O péssimo exemplo dado pelo capitão da seleção portuguesa fica seguramente registado como um dos mais inaceitáveis que se viram esta temporada nos palcos dos principais jogos das melhores ligas mundiais, e creio que apenas nos resta esperar, desejar e acreditar que Cristiano Ronaldo se sinta, a esta hora, verdadeiramente arrependido dos gestos que teve no decorrer do grande jogo que opôs a sua equipa ao líder do campeonato saudita, treinado por Jesus.
A grandeza de Cristiano Ronaldo (que em momentos como este é inevitavelmente atingida) devia torná-lo incapaz, sobretudo aos 38 anos e com o notável percurso profissional que tem, de expor em campo atitude tão inqualificável como a de acusar o árbitro de estar comprado pelo adversário, à boa maneira de um certo faroeste muito próprio de décadas como as de 80 e 90, em campeonatos profissionais de dimensão terceiro-mundista.
O gesto de Cristiano Ronaldo, insinuando claramente o recebimento por parte do árbitro de dinheiro do adversário para prejudicar o Al Nassr e beneficiar o Al Hilal, não é um pormenor sem importância nem uma daquelas reações mais admissíveis sempre que se trata de um jogo com temperatura inevitavelmente mais escaldante como era o caso do jogo entre os principais candidatos ao título da Arábia Saudita.
Naturalmente escrutinado pela dimensão e impacto mundial que tem, Cristiano Ronaldo sabe muito bem o que deve ou não deve fazer num campo de futebol e não precisa que lho digam. A competir, não é a primeira vez, aliás, que Cristiano tem publicamente um gesto feio, para não lhe chamar outra coisa, mas creio (correndo o risco de estar errado) que nunca o víramos ser protagonista de uma atitude tão desprestigiante como a que assumiu no jogo de sexta-feira. Fê-lo com um permanente e indisfarçável sorriso irónico e por mais de uma vez exibiu, com as mãos, claro sinal de dinheiro alegadamente pago ao colombiano Wilmar Roldán Pérez, de 43 anos, o árbitro escolhido para o jogo grande da jornada, na linha da opção tomada pela federação saudita de recorrer a árbitros estrangeiros, com as insígnias da FIFA, para dirigir as partidas da Liga do país.

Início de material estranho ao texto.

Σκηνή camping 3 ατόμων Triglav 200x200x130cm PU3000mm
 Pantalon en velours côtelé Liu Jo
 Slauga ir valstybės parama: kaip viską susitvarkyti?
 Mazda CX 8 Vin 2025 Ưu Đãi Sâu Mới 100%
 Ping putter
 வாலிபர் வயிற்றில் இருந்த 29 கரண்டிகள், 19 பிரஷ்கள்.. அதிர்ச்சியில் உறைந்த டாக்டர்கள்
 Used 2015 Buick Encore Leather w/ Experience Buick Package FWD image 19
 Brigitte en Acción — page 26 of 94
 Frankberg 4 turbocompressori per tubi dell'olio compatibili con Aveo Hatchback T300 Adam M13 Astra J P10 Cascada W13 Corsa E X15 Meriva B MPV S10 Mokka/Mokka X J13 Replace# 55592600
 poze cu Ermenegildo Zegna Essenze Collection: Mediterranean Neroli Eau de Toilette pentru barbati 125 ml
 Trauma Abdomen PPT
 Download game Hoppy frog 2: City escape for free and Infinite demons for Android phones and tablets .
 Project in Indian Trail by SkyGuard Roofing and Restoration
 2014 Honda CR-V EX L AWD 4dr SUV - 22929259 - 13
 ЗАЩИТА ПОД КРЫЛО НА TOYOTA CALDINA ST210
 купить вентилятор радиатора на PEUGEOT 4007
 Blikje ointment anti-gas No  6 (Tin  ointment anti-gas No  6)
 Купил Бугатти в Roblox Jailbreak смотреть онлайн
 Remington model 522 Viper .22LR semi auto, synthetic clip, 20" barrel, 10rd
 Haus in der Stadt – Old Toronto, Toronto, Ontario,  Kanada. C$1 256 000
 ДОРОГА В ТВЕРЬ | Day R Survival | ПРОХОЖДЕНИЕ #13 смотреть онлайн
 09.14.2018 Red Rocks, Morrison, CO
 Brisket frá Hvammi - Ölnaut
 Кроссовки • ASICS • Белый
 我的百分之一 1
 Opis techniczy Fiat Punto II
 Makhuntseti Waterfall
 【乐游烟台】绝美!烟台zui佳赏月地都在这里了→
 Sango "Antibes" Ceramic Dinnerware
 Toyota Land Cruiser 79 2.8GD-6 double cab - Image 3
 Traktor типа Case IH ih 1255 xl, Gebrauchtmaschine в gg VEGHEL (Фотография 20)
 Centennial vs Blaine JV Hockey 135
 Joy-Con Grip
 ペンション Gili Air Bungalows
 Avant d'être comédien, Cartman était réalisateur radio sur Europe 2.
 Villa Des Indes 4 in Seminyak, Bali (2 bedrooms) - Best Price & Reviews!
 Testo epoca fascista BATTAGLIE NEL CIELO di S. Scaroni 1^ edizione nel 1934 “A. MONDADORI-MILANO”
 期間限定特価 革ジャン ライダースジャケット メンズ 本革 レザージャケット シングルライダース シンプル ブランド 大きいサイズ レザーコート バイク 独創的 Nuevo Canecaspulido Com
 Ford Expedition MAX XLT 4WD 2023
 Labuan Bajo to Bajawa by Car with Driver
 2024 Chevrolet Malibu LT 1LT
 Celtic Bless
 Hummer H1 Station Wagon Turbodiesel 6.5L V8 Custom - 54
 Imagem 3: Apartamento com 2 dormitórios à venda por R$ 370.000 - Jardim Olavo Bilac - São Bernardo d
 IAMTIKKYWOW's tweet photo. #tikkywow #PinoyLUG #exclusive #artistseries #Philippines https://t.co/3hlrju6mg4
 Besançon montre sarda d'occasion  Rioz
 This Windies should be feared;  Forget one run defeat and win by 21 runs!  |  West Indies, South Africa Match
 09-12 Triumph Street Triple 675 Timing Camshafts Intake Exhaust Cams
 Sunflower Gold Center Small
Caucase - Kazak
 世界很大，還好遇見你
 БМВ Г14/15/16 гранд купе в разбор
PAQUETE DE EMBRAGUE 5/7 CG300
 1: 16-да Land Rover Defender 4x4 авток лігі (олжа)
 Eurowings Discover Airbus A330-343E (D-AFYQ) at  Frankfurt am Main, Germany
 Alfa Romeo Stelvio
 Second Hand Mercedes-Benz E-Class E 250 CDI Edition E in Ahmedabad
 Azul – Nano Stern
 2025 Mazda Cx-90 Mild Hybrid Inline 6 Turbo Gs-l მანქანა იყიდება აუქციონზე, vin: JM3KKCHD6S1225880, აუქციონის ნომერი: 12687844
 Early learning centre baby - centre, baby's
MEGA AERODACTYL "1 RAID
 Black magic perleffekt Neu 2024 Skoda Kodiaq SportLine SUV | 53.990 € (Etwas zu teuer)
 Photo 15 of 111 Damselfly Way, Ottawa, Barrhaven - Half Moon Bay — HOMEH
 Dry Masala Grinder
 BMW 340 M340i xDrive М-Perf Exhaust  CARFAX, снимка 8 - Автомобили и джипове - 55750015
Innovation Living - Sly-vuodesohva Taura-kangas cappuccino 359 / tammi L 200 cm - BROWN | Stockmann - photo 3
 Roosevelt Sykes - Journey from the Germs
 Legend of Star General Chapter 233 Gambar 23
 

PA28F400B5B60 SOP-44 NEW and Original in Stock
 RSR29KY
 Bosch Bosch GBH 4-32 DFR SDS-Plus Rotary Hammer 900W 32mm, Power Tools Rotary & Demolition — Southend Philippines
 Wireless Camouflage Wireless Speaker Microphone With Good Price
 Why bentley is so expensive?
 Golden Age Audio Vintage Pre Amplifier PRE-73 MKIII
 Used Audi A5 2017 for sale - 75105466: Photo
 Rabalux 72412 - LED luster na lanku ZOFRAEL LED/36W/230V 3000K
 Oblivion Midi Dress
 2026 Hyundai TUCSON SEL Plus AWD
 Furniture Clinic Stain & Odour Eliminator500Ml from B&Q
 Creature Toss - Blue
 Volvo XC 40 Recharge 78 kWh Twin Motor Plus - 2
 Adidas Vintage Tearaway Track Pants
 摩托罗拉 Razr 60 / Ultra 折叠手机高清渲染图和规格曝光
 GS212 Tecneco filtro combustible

Mesmo admitindo que o juiz da partida possa ter cometido erros, e erros suficientemente grosseiros, porventura até com eventual influência no resultado, o que Cristiano Ronaldo fez não pode aceitar-se vindo de qualquer que seja o atleta profissional, e muito menos, como parece mais do que evidente, de um dos maiores desportistas mundiais de sempre. É profundamente imaturo, muito irresponsável e abre perigosamente caminho a exemplos que atentam contra a mais básica dignidade do jogo e contra a mais simples ética de comportamento que se exige aos profissionais e a figuras com tamanha responsabilidade pública.
No passado, já se viu o árbitro colombiano Roldán Pérez envolvido em semelhantes situações controversas, muito semelhantes, aliás, às que motivaram agora fortes críticas dos responsáveis do Al Nassr, nomeadamente do treinador português Luís Castro.
Mas ao mais alto nível do desporto profissional, nenhum erro de arbitragem, ou qualquer outro, pode justificar o tipo de acusações e de gestos de Cristiano Ronaldo, feitos à vista de toda a gente e aos olhos de todo o mundo.
Na luxuosa bolha em que vive, talvez lhe seja indiferente o julgamento feito. É pena. A grandeza não vem da arrogância ou da obsessão pelo sucesso. Vem da humildade e do respeito. E Cristiano saberá que o seu lugar na história do desporto não merece ser diminuído.